5 Ways to Kickstart Your Art – #3: Make Drawing Part of the Process
(If you missed the previous blogs, catch up on the whole series here)
Tip #3: Make Drawing Part of the Process
There seems to be a lot of resistance to – or at least avoidance of – spending time drawing before painting, but I’ve found that one of the biggest ways to make my paintings better is to spend much more time drawing. A big reason I feel there’s hesitation to spend more time doing it is that we see the process as separate from painting, but I want us to re-think how we see drawing!
“Do I Have to Know How to Draw to Paint?”:
This is probably the most common question I get from beginning artists. I usually shake my head and say, “Oh not at all.” …then, the first day in class, I teach them to draw with a brush. 😉
Why do we all think we dislike drawing so much? I think a lot of the problem comes from a misconception of what drawing is. We all think back to using one of those horrible yellow school pencils to doodle and being frustrated when our drawings don’t look how we want them to look. Or, we think of an illustration class with tedious (though valuable to learn!) perspective drawing, or a “right side of the brain” class where we do a contour drawing that helps us to see differently, but doesn’t really lend itself to creating a painting with depth.*
Let’s Re-Think Drawing:
The problem with our first experiences of drawing is that we don’t learn the bridge between drawing and painting, and therefore see drawing as an unsatisfying struggle before we get to the fun part. Another problem with drawing is that we see it in strict terms of “lines,” and unless you really train your eye it’s almost impossible to see volume and scale and proportion in a collection of flat lines. The faster we can transition line into shape, the faster we can judge everything in our painting and the less likely we are to be badly surprised when we start adding paint.
Use the Right Stuff:
Lots of people are beautifully accomplished at drawing with hard pencils or ink pens…and lots of people are very accomplished at riding unicycles.

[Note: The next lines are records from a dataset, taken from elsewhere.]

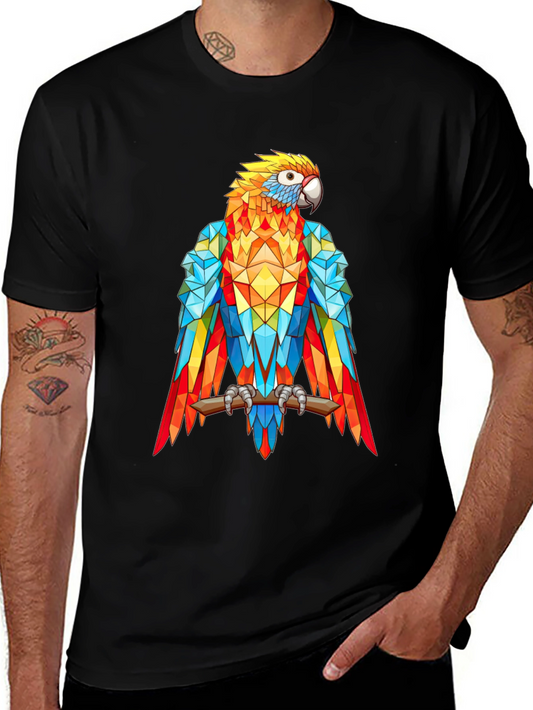 Geometric Parrot Graphic Print T-Shirt - Black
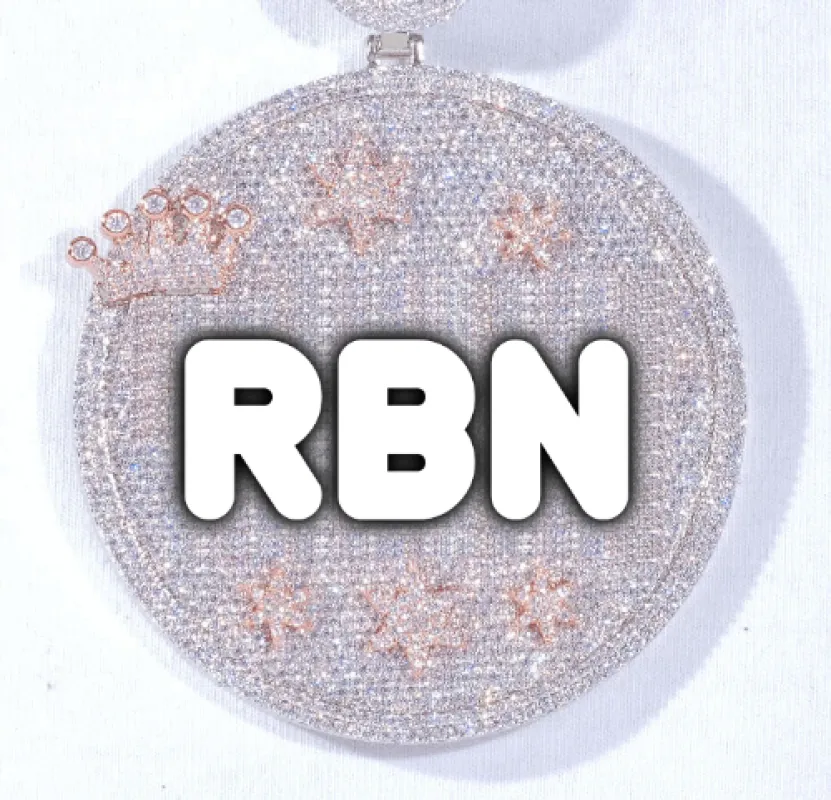 CUSTOM LETTER NECKLACE 3D BIG CROWN DISC sold by The GUU Shop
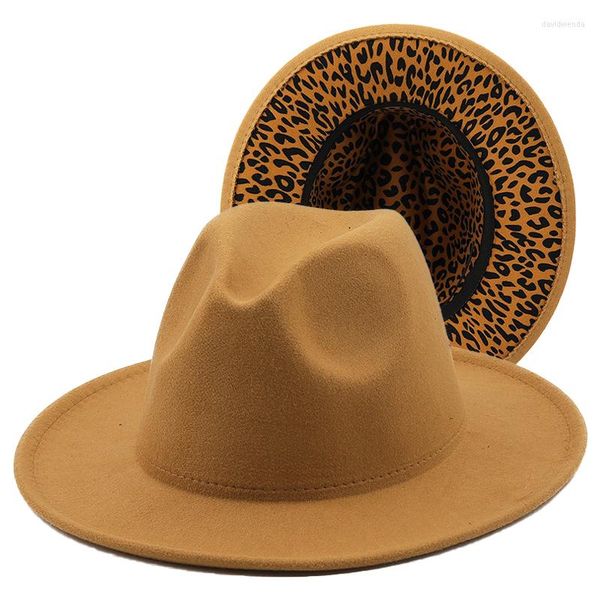 Berretti Cappello Fedora di lusso vintage colorato Interno stampa leopardata Jazz Primavera Panama Feltro adatto per uomo Fascinator Lady Elegante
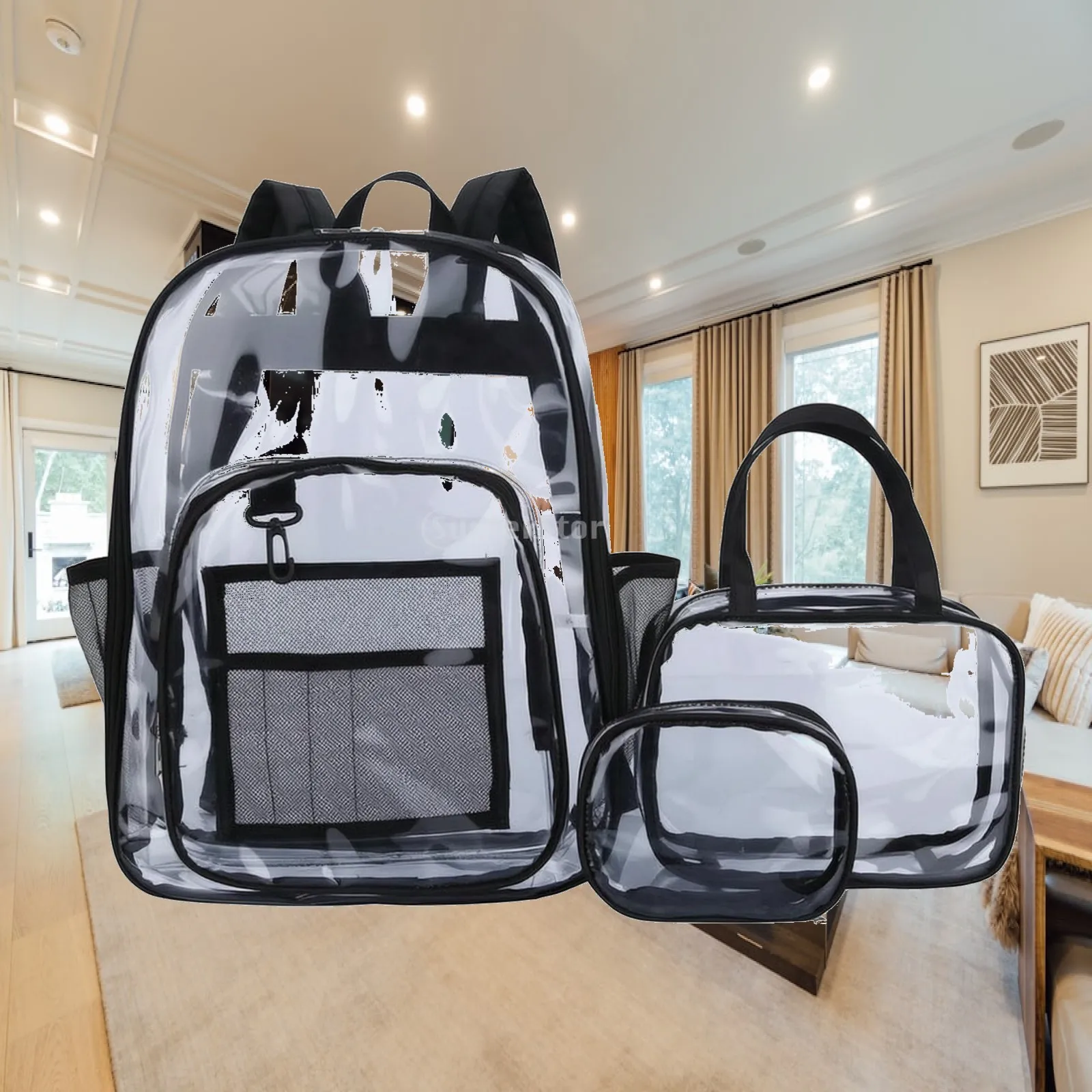 PVC Student Backpack with Matching Pouch and Tote for Everyday Laptop Carry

Start with something more forgiving! Look for a drawing tool that can give you a good variety of lines and tones – a charcoal stick or pencil, a soft lead or colored pencil, a chalk or oil pastel, or a brush full of thinned paint. Also, choose something that feels good in your hands and that you like the smell and sound of. If you hate the squeak of willow charcoal sticks (like I do), use compressed charcoal. If you hate dirty hands, use soft pencils or brushes.
Think Big:
The faster you can get big masses of value on your canvas, the sooner you can really judge your shapes. Use a big brush full of thinned paint, a chamois coated in charcoal, or a pastel on it’s side and establish large, sweeping areas of mid-tones. Get your whole arm into it! Wipe back to the white of the canvas for lights, build up layers for darks. Draw on top of and around the tones to establish edges. Smudge bad lines and draw better lines. Don’t fall into the trap of erasing! Think of it as a process of taking a lump of clay and molding it into your painting – there’s no right and wrong, only more accurate and less accurate.
Draw Through:
Most children intuitively start with contour drawing, and it’s an art form in itself – but it’s not the most efficient method drawing for under a painting. It’s much harder to judge all of the elements of a painting when you’re only drawing the flat outline. Think in terms of volume and proportion, shape and depth, rhythm and balance. Make sweeping lines to capture the movement of a pose before worrying about proportion. Use construction lines to find where eyes line up on a face, think of trees as boxes to imagine where they fit in space, draw the horizon through your subject to make sure it’s even. Use straight lines whenever possible, they’re easier to judge and control than curved lines. It doesn’t have to be beautiful, there will be a painting on top!
Cross the Bridge:
The secret is, painting is drawing and drawing is painting. All of it is a way of converting what we see in a 3D world onto a 2D surface using values, shapes, and (eventually) colors. Each step of the painting process should move smoothly into the next. Once you establish a basic sketch, use thinner to spread the colored pencil or charcoal or oil pastel around on your panel. Start “drawing” with a brush full of paint and more right into your underpainting. As you move from line to shape to value, keep working on your masses, your values, your edges, the sizes and proportion of your shapes – before you know it, you’re painting!
Conclusion:
Seeing drawing as part of the process can give you a much stronger start, and help you keep your shapes and proportions accurate before you add the complexity of color. Have you struggled before with the transition between your drawing and your painting? Please comment with your story!
* I have nothing wrong with contour drawing and perspective drawing! They are both very useful techniques in many parts of art, and they are both their own art forms. However, when students learn them at the beginning of their art studies but never learn a drawing method for painting (whether it’s constructive drawing, barque drawing, straight line block-in, etc), it can be like learning transitive verbs for Spanish without knowing conversational sentence structure.